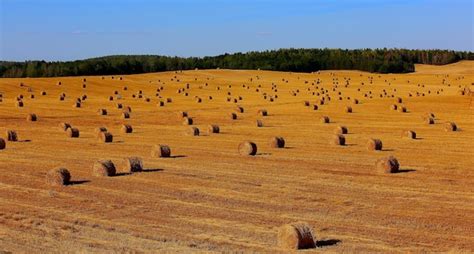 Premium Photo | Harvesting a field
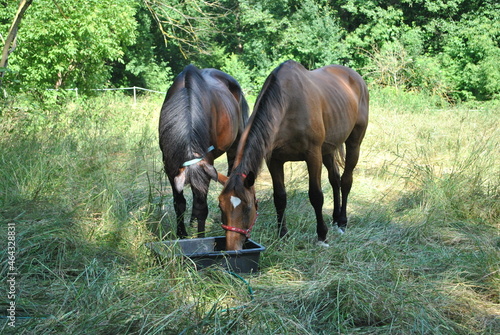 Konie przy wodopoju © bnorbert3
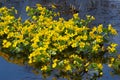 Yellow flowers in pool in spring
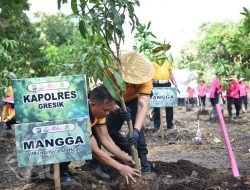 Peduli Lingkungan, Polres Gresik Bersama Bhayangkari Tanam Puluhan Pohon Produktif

> [Goal of the exercise]:
Reproduce word for word the lines running from the line with "Konie przy wodopoju © bnorbert3" through the end of the data, both included, and nothing else; leave out the pictures.

> [Response to the exercise]:
 Konie przy wodopoju © bnorbert3
 Yellow flowers in pool in spring
 Peduli Lingkungan, Polres Gresik Bersama Bhayangkari Tanam Puluhan Pohon Produktif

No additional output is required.